This repository is dedicated to the preparation of genomic annotation data (Ensembl, ClinVar, dbSNP, gnomAD, etc.) and conversion of OakVar modules from the dna-seq GitHub organization.


General Standards (Reusable)

Coding Standards

  • Type hints: Mandatory for all Python code.
  • Pathlib: Always use for all file paths.
  • Polars: Prefer over Pandas for performance.
  • Dagster: Primary tool for workflow orchestration and parallel execution.
  • Eliot: Used for structured logging and action tracking.
  • Typer: Mandatory for CLI tools.
  • Pydantic 2: Mandatory for data classes.
  • Avoid all: Avoid init.py with all as it confuses where things are located.

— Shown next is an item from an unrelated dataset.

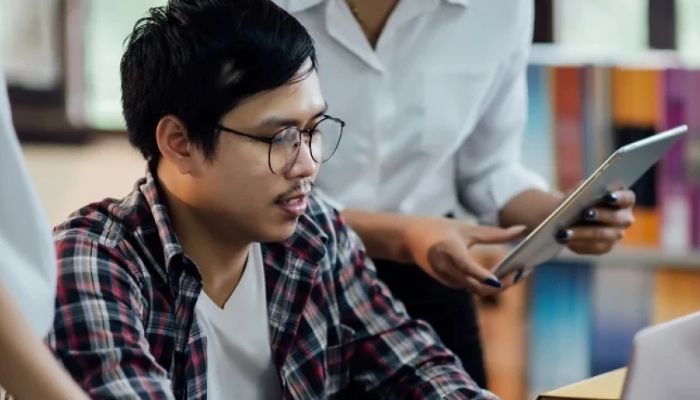 Benarkah Zuhud Bikin Pemuda Muslim Tertinggal? Rekonstruksi Makna Zuhud untuk Mentalitas Generasi Z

Dagster Best Practices (Universal)

Asset Return Types

Asset Returns IO Manager Use Case
pl.LazyFrame polars_parquet_io_manager Small parquet, schema visibility
Path Custom IO manager Large data, DuckDB joins, file uploads
dict Default API responses, upload results

Key Rules

  • dagster-polars: Use PolarsParquetIOManager for LazyFrame assets → automatic schema/row count in UI
  • Path assets: Add "dagster/column_schema": polars_schema_to_table_schema(path) for schema visibility
  • Asset checks: Use @asset_check for validation; include via AssetSelection.checks_for_assets(...)
  • Streaming: Use lazy_frame.sink_parquet(), never .collect().write_parquet() on large data
  • DuckDB: Use for large joins (out-of-core); set memory_limit and temp_directory
  • Concurrency: Use op_tags={"dagster/concurrency_key": "name"} to limit parallel execution

Resource Tracking (MANDATORY)

Always track CPU and RAM consumption for all compute-heavy assets using resource_tracker:

from prepare_annotations.core.runtime import resource_tracker

@asset
def my_asset(context: AssetExecutionContext) -> Output[Path]:
    with resource_tracker("my_asset", context=context):
        # ... compute-heavy code ...
        pass

Important: Always pass context=context to enable Dagster UI charts. Without it, metrics only go to Eliot logs.

This automatically logs to Dagster UI:

  • duration_sec: Execution time in seconds
  • cpu_percent: CPU usage percentage
  • peak_memory_mb: Peak RAM usage in MB
  • memory_delta_mb: Memory change during execution

These metrics appear in the Asset Details page and can be plotted over time for performance monitoring.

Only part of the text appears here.